Foil can be used in so many ways: Cloning parabolic dishes, as a "heat" vest, cooking utensils. You can make fishing lures, use it for wiring for electricity and even SOS reflectors.
You can use foil to make goggles to protect from snow blindness. Just wrap the foil around your head and cut tiny slits to peer out of. The foil will do a great job of reflecting the light away, protecting your eyes.
If you're stuck in the desert, you can make a foil hat, to reflect the sun's heat away from your head, remembering to put small holes at the top and sides to allow for circulation and let hot air escape out the top.
With Handi-wrap you can make solar stills, a quick shelter wall by using a couple of poles, wrapping the handi-wrap around them again and again.
In emergencies, you can create a "vest" out of foil and wrap handi-wrap, putting a couple of layers of foil around your chest a few times to get a really good heat reflector, then adding a few layers of Handi-Wrap to really trap all that body heat inside. Repeat with your head and limbs, leaving just enough room for your eyes and breathing.

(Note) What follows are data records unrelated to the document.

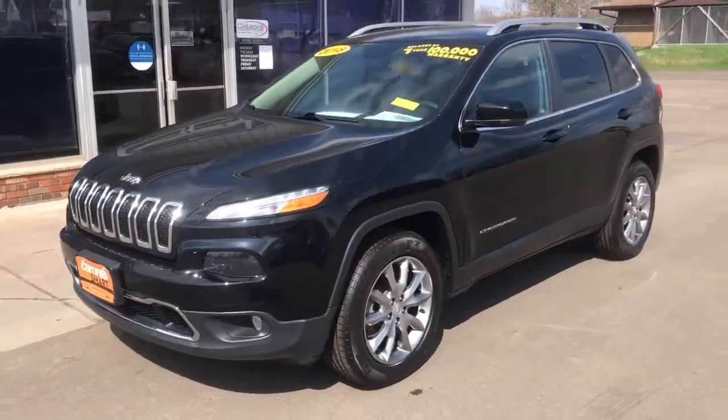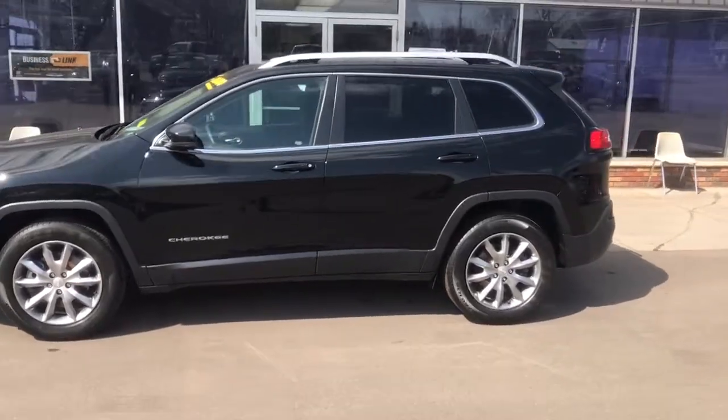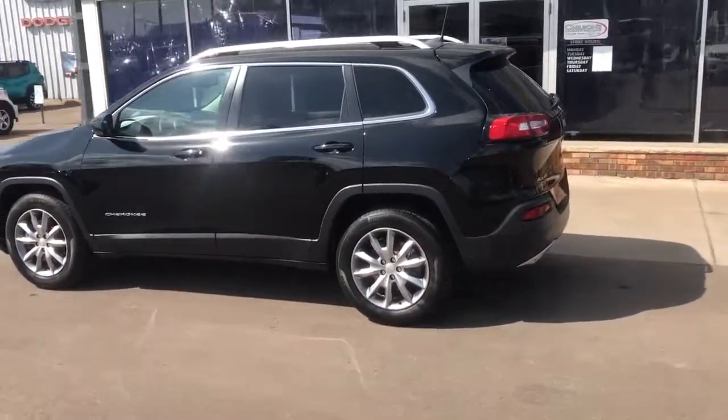You just found the 2018 Jeep Cherokee. This vehicle still has fewer than 35,000 miles on the clock, so it won't last long.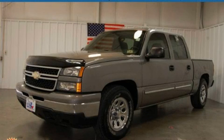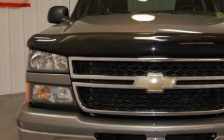This is a 2006 Chevrolet Silverado. Whether hauling, commuting, or towing, this truck is the right one for you.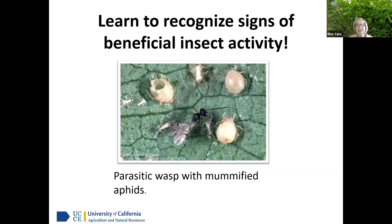Learn to recognize the signs of beneficial insect activity. There are parasitic wasps that will mummify aphids. The wasp is smaller than your fingernail — it lays eggs in the living aphid, and then the tiny wasp hatches and eats the aphid from the inside out. You can sometimes find the little mummified aphids with a small hole where the animal crawled out. It's kind of gross, but fascinating.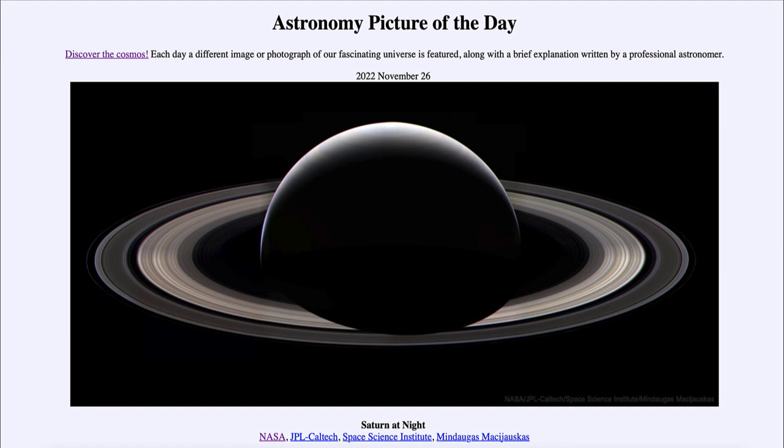The outer planets never pass in front of the Sun as seen from Earth, so we never get to see their darkened side. Seeing Saturn as a thin illuminated crescent requires getting out beyond the planet and looking back toward the Sun. In order to see Mars as a crescent you'd have to get past Mars, for Jupiter you'd have to get beyond Jupiter, and for Saturn you would have to get beyond Saturn.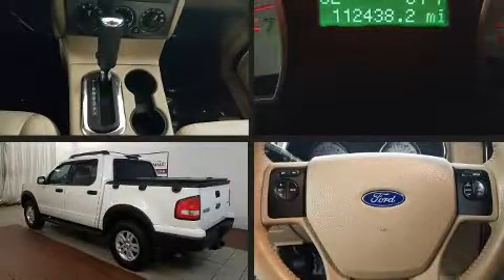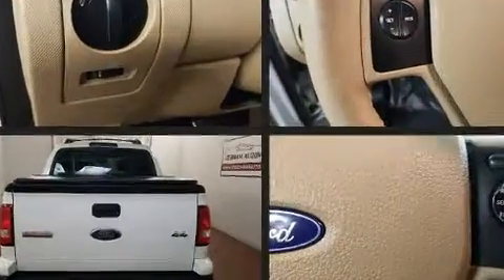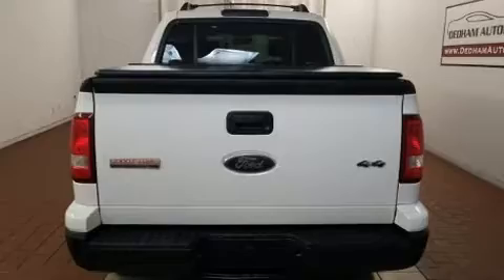Introducing the 2008 Ford Explorer Sport Track. It features four-wheel drive capabilities, a durable automatic transmission, and a four-liter six-cylinder engine.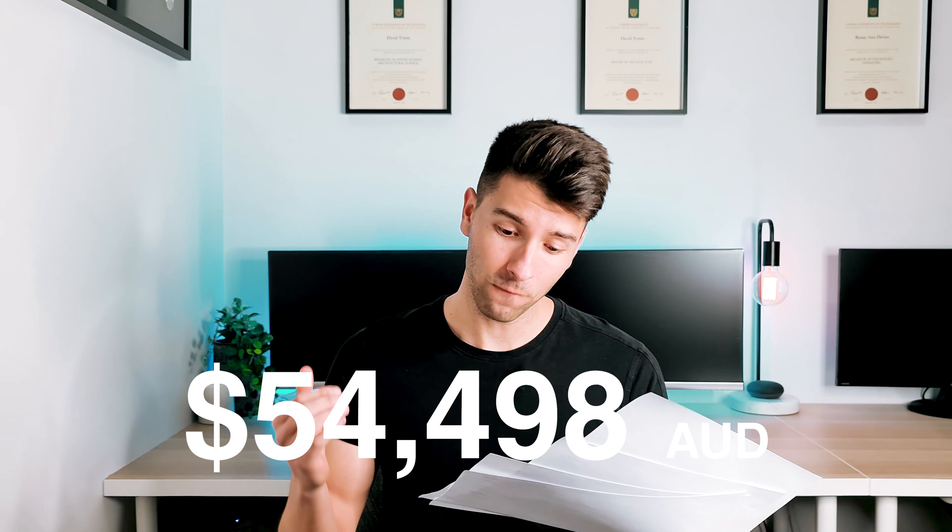So straight off the bat, without making you guys wait too long, my original estimate for starting a practice was $54,498 Australian dollars. That was considering a four-person partnership agreement and starting a medium-sized company with four architects involved. If I was to scale that number back to a sole practice, single occupancy version, it would actually equate to about $33,528. So from the start, back when I did all my research, I originally thought it would cost $33,000 Australian dollars to start a sole trader business in the architecture industry.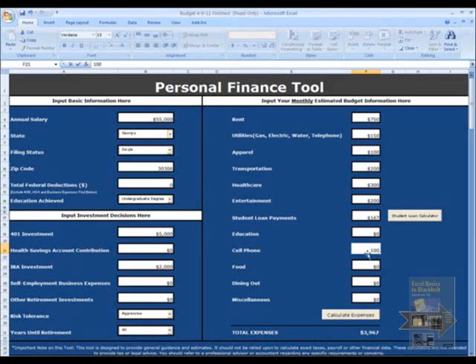Cell phone, I'm going to spend $100 a month on a smartphone. Food is $400 a month. Dining out I'm going to limit to $100, and miscellaneous another $100. Then you press the Calculate Expenses button, which gives you your total expenses. Now you're ready to see your budget results.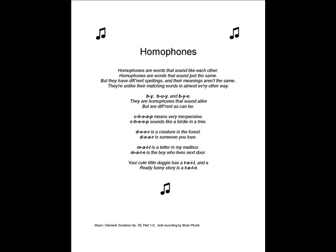Homophones are words that sound like each other. Homophones are words that sound just the same, but they have different spellings and their meanings aren't the same. They're unlike their matching words in almost every other way. B-Y, B-U-Y, and B-Y-E — they are homophones that sound alike but are different as can be.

Warning: Only use foil if it can also be insulated from the cold, such as under your clothes, hats, gloves, shoes, etc. If it is exposed to the elements it will quickly drain you of body heat. The idea is to trap the body heat and use the foil to reflect it back to you.
The next thing I want is a can of Sterno. Make it two or three if I'll be in a cold place. Very few survival tips include any fuel for a fire, and seem to always assume you can find fuel for a fire wherever you'll be.

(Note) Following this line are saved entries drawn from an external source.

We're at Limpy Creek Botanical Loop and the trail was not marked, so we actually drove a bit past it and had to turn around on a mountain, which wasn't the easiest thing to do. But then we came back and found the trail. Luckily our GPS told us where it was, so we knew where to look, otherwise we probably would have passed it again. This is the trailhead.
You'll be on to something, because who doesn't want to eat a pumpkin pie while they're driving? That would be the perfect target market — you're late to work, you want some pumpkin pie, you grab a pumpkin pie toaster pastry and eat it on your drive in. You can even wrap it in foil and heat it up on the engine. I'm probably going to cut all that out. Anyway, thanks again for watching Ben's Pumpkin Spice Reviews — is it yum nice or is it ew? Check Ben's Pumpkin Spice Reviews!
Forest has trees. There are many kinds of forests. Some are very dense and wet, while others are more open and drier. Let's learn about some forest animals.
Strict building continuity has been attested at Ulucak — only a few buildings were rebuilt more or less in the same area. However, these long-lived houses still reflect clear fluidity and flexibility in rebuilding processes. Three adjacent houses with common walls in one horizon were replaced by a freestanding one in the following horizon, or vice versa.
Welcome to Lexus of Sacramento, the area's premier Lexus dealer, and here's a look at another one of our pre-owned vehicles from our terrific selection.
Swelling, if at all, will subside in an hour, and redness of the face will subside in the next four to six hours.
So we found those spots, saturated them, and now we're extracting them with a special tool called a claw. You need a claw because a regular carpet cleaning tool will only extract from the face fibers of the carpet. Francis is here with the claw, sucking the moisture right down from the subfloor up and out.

But what if you're stuck in a life boat?
Or how about you're in the Artic, with nothing but snow and ice?
As I write this, I'm living about 8000 ft above sea-level in the Colorado Rockies. If I go much higher, I'll be above timber line. There's not a lot to burn up there. And people get lost and stuck up there all the time. It happens dozens of time a year in my immediate area alone.

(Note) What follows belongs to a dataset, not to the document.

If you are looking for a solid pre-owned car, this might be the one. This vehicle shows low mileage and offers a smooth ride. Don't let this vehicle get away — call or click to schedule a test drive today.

Another problem with relying on the surroundings to provide fuel for a fire is that many people, when they are lost, don't know when to hunker down and build a shelter until it's too late, meaning it's already dark and cold. It's counter-intuitive for them NOT to keep looking to find their way back instead of building a fire and shelter.
Or maybe you're hiking and break an ankle. Help is on the way, but you'll need to make it through the night and can't walk to get fire wood.
Or maybe you've fallen though some ice, got yourself out, but are now facing hypothermia and don't have time to collect wood and build a fire.
Or you're in a jungle and it's very damp and need to dry the wood to get it to catch fire..
Sterno will burn for about two hours and is easy to get lit. If you have a pack of survival blankets and a can or two of sterno, you'll likely be able to make it through the night.
Even if you have plenty of fire wood, a can of sterno is great for helping it get going.
And after Sterno, I'll want some emergency candles.
Of course, the "fuel" in the form of sterno and candles is in addition to at least 3 different fire starters. Even lighters won't work in severe wind. Therefore for starting fires, I want a few different lighters, a magnesium fire starter and a parabolic mirror...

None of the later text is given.